A number of Anarchist and Anarcho-Syndicalist publications appear in Holland (Grondslagen, Syndicalist, etc.); Sweden (Arbetaren, and others); in Norway; in Lithuania (Auszrina, the Dawn); Bulgaria (Misal i Volya; Rabotnik, etc,), and other European countries, as well as in Japan and China, most of those papers being issued underground.

In Spain there are Tierra y Libertad; Solidaridad Obrera (daily); C. N. T. (the daily of the National Confederation of Labor); La Revista Blanca; El Libertario; Estudios, and a number of others. The NEWS SERVICE and BULLETINS of the International Working Men’s Association (I.W.M.A. or A. I. T.), issued in Spanish, French, German and English, are also published in Spain.

In South America there appear numerous Anarchist and Anarcho-Syndicalist papers and magazines. Frequently suppressed, they as frequently reappear, sometimes under different names. In Buenos Aires is published the daily, La Protesta, founded in June, 1897, as La Protesta humana; Nervio an Anarchist journal of criticsim, art and letters; and other papers, like the weekly Il Pensiero (Anarcho-Communist), Culmine (Individualist), Sorgiamo, etc. In Uruguay Luigi Fabbri issues the Anarchist review Studi Sociali (Montevideo). And so on. In Melbourne (Australia) appears L’Avanguardia Libertaria.

Anarchist papers in the Italian language are published in the United States, among them L’Adunata dei Refrattari, in Newark, New Jersey; Cronaca Sovversiva in New London Conn., and other publications. Also Cultura Proletaria, in Spanish; Dielo Truda and other jounrals in Russian. Among the English-language publications are Freedom (formerly weekly, now monthly, in New York; Vanguard, Clarion, Man! (San Francisco), and others.

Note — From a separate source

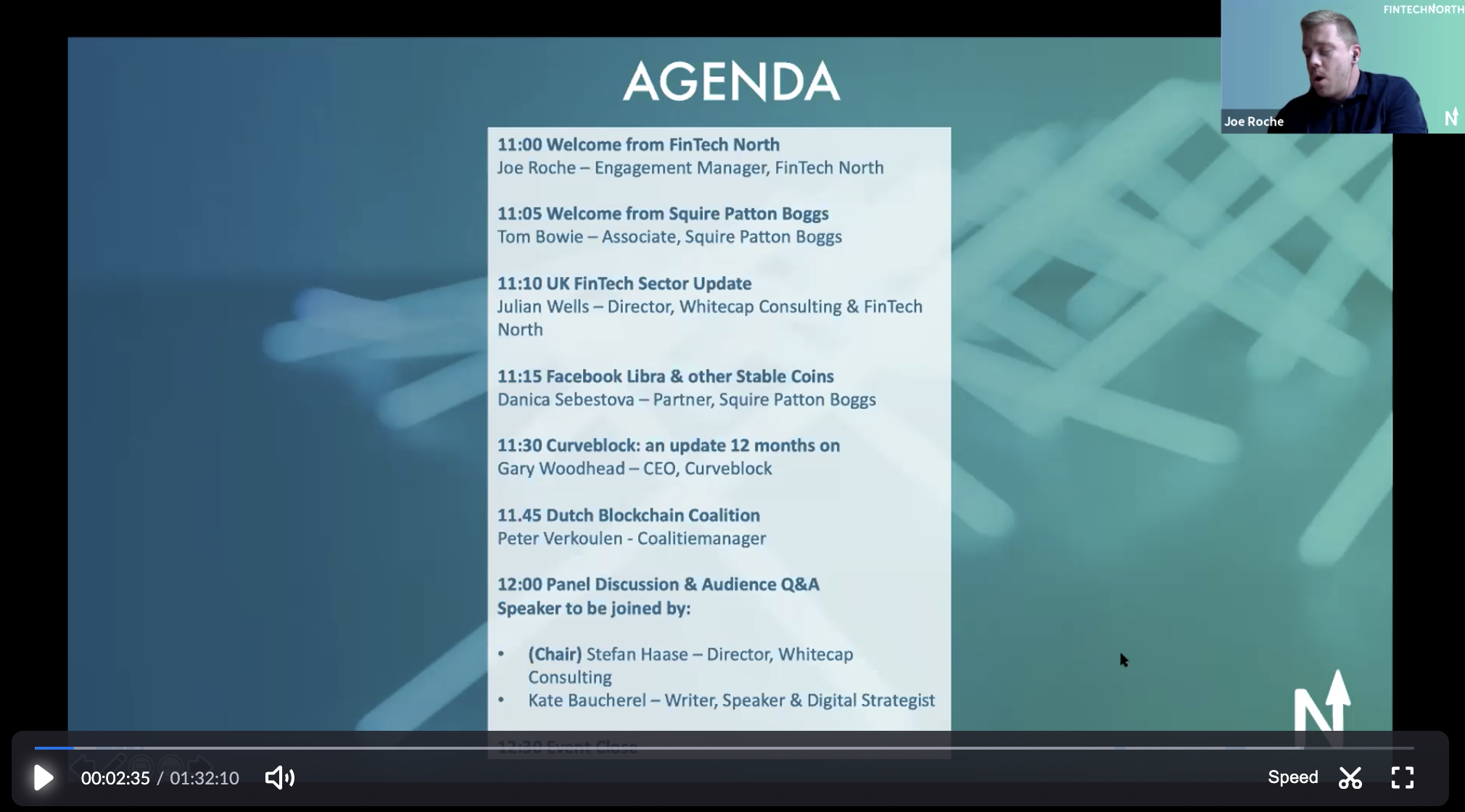 Re-watch & Re-cap: FinTech North Blockchain Forum 23/10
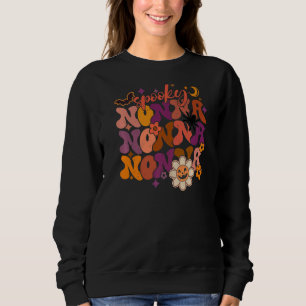 Retro Groovy Spooky Nonna Faboolous Nonna Hallowee Sweatshirt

In conclusion I want to say that the Anarchist movement will get bigger and stronger in proportion as the masses will become familiar with Anarchist ideals and ideas and will realize the necessity of putting them into practice. Historic experience and growing disillusionment with all forms of parliamentarism, authoritarianism and dictatorship will gradually make the people understand that emancipation from political oppression, economic slavery and cultural decadence is not possible except under Anarchism — in a society based on individual liberty, equal opportunity and social well-being. The propaganda of Anarchist ideas will help to enlighten the people and enable them the clearer and more intelligently to find the way out of the present stupid and criminal pseudo-civilization. It is therefore that the life, example and propagandistic work of Anarchist individuals and groups are so necessary and vital in furthering the cause of Anarchism.